Because he or she who refuses to make the same mistakes again are doomed to repeat them indefinitely. The infantile does not learn. The grown up does.
And this world of rugged individuality is not one that cares much about learning. It is one that cares to feel good and have a good time. Just like a child would. All in the name of niceness and fun. For learning, which is essential for maturity, is far more boring in comparison. That is, even though it is imperative for our survival.
If we succumb to our infantile desires, they will only bring us down with them. Down to humiliation, whining, self-pity, and seeing ourselves as victims and weaklings. All the way to the bottom of the human social hierarchy. That is the merciless world we live in. A world that can easily bring down our self-respect, because it encourages the infantility found in hedonism, naivety, and reluctance to do things that are difficult and/or unpleasing.

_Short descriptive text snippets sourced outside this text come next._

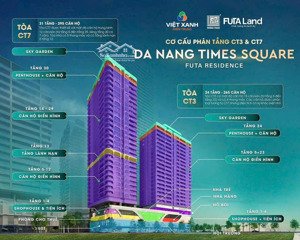 bán shophouse times square đà nẵng sh3 - 12 mặt tiền phạm văn đồng giá tốt, ck 10% - vay 80%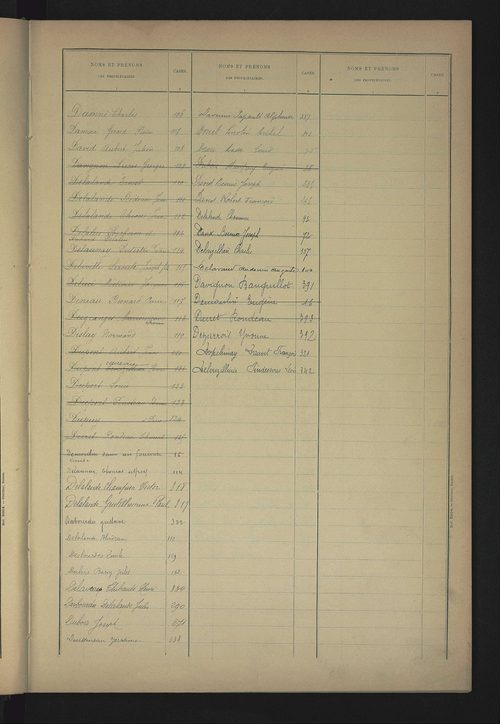 Matrice des propriétés bâties ; récapitulation ; table alphabétique des propriétaires.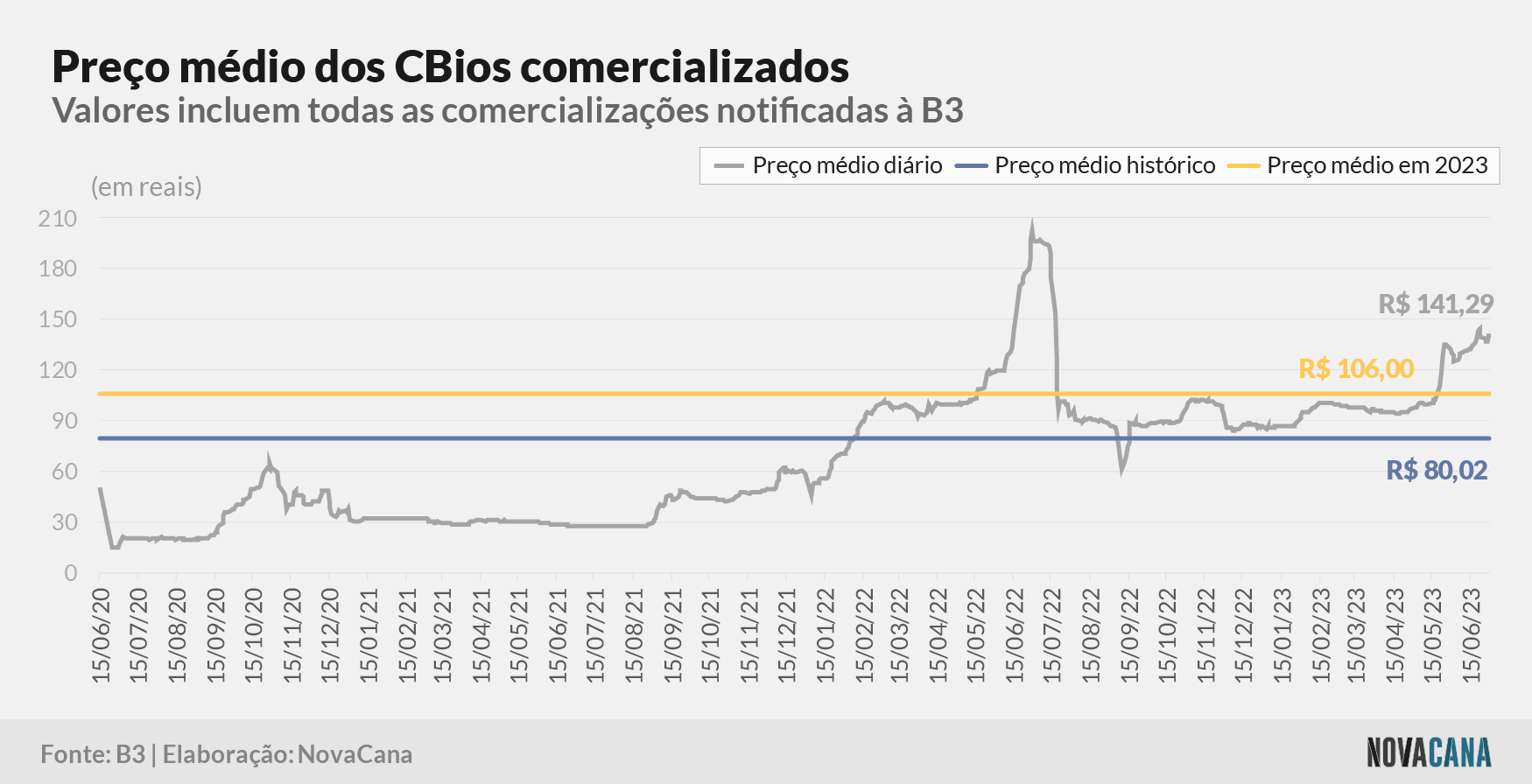 cbios b3 5 preco evolucao 030723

And with our own lack of self-respect, the world will not respect us as much as we deserve. Another cruel cycle, played carelessly or without awareness.
See how this world make us wish to grow up, and yet, nurtures a culture that praises infantile traits. Should we ascend this culture, and act outside of its counter-intuitive rationality, we might be able to get the respect we deserve as human beings. Because respect, like love, while elementary, is forever to be gained in this cruel meritocracy of a world.
Should you ultimately fail to gain respect from the world, you can easily be left behind in the capitalistic competition over resources. Money, influence, and even followers. Virtual, or otherwise. Because even those who are there to give you services, can easily dismiss you like the human dirt they think you are, should you fail to gain their respect. That is especially true in kakistocracies, where professionalism is compromised in the name of self-interest. That self interest may include the desire to avoid discomfort. And to avoid discomfort, they (professionals) may disrespect you ruthlessly in a kakistokracy.
So, if we want to get the relevance we may believe we deserve, as well as the respect of others, we must eradicate infantility within us. Because acting immaturely can easily make people minimize our worth. And in lives where there is a shortage of love, empathy, or affection, that minimization of worth can also make us depressed, if not suicidal.
We may be in a constant war to prove our relevance in the eyes of those who are unable or unwilling to distinguish rationality from normalcy. But in order to persevere, we must win that war regularly. Because otherwise, why would we want to live if we are treated like dirt? Why would we want to live, if we are not as loved, and remain in a lonely corner, despite what we can give to this world?